* _WHAT YOU NEED TO DO_
In the entries that follow, the first line to write out is the one containing "The other example", and the last is the one containing "The Chromosome Analysis". Reproduce that stretch exactly, with nothing before or after it.

* _INFORMATION SUPPLIED_
──────────────────────────────

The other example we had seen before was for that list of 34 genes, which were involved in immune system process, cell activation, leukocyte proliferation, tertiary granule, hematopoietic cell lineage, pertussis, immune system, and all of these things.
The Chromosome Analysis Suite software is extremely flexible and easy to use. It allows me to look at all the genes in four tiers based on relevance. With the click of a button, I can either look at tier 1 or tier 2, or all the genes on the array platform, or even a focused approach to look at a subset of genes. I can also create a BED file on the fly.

──────────────────────────────

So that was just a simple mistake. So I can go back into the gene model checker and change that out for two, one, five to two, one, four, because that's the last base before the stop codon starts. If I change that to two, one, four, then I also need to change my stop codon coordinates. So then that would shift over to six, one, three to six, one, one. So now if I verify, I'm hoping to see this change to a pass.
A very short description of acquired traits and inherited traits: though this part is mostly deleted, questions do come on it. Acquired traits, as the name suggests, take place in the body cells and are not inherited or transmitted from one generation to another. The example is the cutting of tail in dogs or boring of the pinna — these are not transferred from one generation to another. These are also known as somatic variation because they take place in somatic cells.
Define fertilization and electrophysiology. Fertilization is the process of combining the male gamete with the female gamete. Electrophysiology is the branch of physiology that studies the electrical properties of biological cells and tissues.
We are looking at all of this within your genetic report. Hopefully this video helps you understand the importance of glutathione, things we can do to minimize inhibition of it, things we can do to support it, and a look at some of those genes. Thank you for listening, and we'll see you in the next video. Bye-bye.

──────────────────────────────

* _TASK OUTPUT_
The other example we had seen before was for that list of 34 genes, which were involved in immune system process, cell activation, leukocyte proliferation, tertiary granule, hematopoietic cell lineage, pertussis, immune system, and all of these things.
The Chromosome Analysis Suite software is extremely flexible and easy to use. It allows me to look at all the genes in four tiers based on relevance. With the click of a button, I can either look at tier 1 or tier 2, or all the genes on the array platform, or even a focused approach to look at a subset of genes. I can also create a BED file on the fly.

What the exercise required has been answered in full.